Na providência cautelar, a APAC lembra que cabe ao Património Cultural IP, desde janeiro deste ano, a competência para “tomar as medidas provisórias ou as medidas técnicas de salvaguarda indispensáveis e adequadas para impedir a destruição e deterioração de bens classificados”. Ou seja, sobre este Instituto “atenta a sua missão e atribuições, incide um dever de adoção de medidas tendentes a evitar a destruição ou deterioração de qualquer bem classificado de Monumento Nacional, devendo a mesma diligenciar e prover quanto à sua conservação e integralidade, mesmo oficiosamente, o que não fez”.

Por outro lado, prossegue o texto da providência cautelar, a empresa proprietária do edifício, “por razões que se desconhece”, suspendeu a obra há cerca de dois anos, “tendo permanecido apenas o piso do rés do chão no seu traço original, sendo deteriorado tudo o resto (pisos superiores e fachada principal), encontrando-se o referido Monumento Nacional (isto é, o edificado principal propriamente dito, e toda a área que o circunda, também ela classificada), ao dia de hoje, e desde então, sem cobertura de proteção/conservação, aberto por cima em toda a sua área e, por via disso, exposto à natural degradação resultante da exposição das suas paredes interiores e exteriores às intempéries e outros fenómenos naturais adversos”.

Sem a colocação dessa cobertura, adverte a associação, existe o risco das “poucas partes que sobraram intactas na sua arquitetura originária (mas também as já reconstruídas, mormente as dos pisos superiores)” ficaram “sujeitas à natural degradação (senão mesmo colapso integral)”.

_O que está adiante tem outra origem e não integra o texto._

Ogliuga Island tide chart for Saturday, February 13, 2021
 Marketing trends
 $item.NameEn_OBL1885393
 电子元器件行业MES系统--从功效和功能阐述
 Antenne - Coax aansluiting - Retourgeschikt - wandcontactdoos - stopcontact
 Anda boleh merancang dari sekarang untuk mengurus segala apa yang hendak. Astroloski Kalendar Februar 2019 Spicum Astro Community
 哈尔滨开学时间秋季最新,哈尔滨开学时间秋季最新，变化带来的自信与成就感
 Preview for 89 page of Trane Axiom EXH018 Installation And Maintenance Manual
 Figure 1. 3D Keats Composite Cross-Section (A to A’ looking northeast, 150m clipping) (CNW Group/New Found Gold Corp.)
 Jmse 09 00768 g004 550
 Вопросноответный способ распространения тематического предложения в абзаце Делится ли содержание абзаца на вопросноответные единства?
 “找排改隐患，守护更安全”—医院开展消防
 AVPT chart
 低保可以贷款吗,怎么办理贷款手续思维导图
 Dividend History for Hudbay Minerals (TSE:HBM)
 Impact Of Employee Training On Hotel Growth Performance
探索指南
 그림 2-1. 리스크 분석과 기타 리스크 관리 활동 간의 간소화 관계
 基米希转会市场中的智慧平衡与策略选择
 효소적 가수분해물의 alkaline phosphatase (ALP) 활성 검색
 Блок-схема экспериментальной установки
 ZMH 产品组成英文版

Na providência cautelar, a Associação Portuguesa dos Amigos dos Castelos pede ao tribunal que “imponha” à empresa proprietária do edifício “a colocação de uma cobertura provisória elevada de proteção/ conservação sobre a Casa do Alcaide-Mor e seus anexos”, ou então, que o Património Cultural IP “seja instado a fazê-lo, adotando tal medida provisória”, prevista na lei, “assim se acautelando a continuidade da deterioração do Monumento Nacional em causa por via da exposição das suas paredes interiores e exteriores a intempéries e outros fenómenos naturais adversos”.

O documento recorda que, no essencial, os factos narrados ao tribunal “são do conhecimento público”, em especial no concelho de Estremoz, e “evidenciam à saciedade a delapidação de importante património histórico e cultural classificado por via da intervenção (realização de obras) que vinha sendo feita, sem se salvaguardar a sua identidade e autenticidade, e muito mais ainda se, pelo menos, não se acautelar que o referido monumento se mantenha, no mínimo, no seu estado atual”.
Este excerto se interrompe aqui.